The Birds & Other Stories is a collection of six chilling stories, that was first published in 1952 under the title The Apple Tree and later renamed when it was republished in 2004; to link-in, I imagine, with the popularity of Hitchcock’s celebrated 1963 film. While each story is very different from the others, they do all share an uncanny sense of dislocation and mock man’s perceived dominance over life and nature.
To kick things off we have the titular story of The Birds about a simple farmhand and his young family, as they are forced to batten down the hatches of their small cottage against murderous attacks by numberless flocks of crazed birds; all set on the coast of du Maurier’s beloved and picturesque Cornwall. A short horror of isolation and nature fighting back, which is definitely one of the best of the collection.
This is followed by the longest and, I’m afraid I feel, the weakest story of the collection: Monte Verità, which tells of a mountain paradise, home to a secret sect, that lures young women away and promises truth, beauty and immortality, but at a terrible price; told through the eyes of a nameless mountaineer, whose best friend’s wife disappears on a climbing trip. A wonderfully creepy concept, but it is slow and lumbersome in pace and length.
Next up is the original, titular story of The Apple Tree, that follows the actions of a widower, who believes he is being haunted by his late, neglected wife in the form of an old, twisted apple tree in the garden.
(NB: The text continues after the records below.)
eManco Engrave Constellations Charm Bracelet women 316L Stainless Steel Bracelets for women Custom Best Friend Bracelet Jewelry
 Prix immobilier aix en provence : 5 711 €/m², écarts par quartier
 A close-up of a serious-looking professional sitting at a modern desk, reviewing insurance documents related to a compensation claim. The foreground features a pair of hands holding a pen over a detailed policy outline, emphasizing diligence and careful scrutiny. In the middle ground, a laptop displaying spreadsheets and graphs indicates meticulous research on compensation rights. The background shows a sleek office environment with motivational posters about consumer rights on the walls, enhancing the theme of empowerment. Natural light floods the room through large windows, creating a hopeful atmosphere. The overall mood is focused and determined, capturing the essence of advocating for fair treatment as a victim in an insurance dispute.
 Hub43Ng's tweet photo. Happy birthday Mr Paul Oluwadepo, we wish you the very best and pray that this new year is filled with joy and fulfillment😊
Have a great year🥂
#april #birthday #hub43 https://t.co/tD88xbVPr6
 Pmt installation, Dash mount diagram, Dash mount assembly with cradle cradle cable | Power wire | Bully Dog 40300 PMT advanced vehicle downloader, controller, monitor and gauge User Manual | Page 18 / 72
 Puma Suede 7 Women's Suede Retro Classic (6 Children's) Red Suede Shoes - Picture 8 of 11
With an unreliable narrator and his ever more desperate behaviour, this is a frightfully taut tale of guilt, paranoia and dread.
Then du Maurier transports us to the sun-drenched French Mediterranean coast in The Little Photographer, which gives us a glimpse of the life of a rich, beautiful Marquise, through the lens of a local, handsome photographer, who steps out from behind his camera into a torrid affair. This is like a mini-thriller and even though I knew what was coming, I was on the edge of my seat and wishing for the vain Marquise to get her comeuppance!
This is followed by another story of unrequited love in Kiss Me Again, Stranger, that relates an eerie episode in which a shy mechanic has a date with a pretty cinema usherette in a cemetery – only later does he discover the terrible truth about her and what a close shave he might have had! A sad and haunting little tale.
Finally, last but certainly not least, we have the story of The Old Man, which chronicles a family history as told by a neighbour who suspects the jealous father of finding a murderous remedy when three’s a crowd. This is a terribly sad tale with a mind-blowing twist at the end, that you’ll never see coming! And for that reason this is also one of the best of the collection.
All in all, I was thoroughly engrossed with my re-read of The Birds & Other Stories by Daphne du Maurier – I had forgotten what a terrific collection of short scary stories this was, all with du Maurier’s stunning description of place and trademark modern Gothic style. Great read
(I re-read this as part of the Daphne du Maurier Reading Week 2021)
Now over to you: What do you think? Have you read this? Did you read anything by Daphne du Maurier for this week? Any other short story collections your would recommend?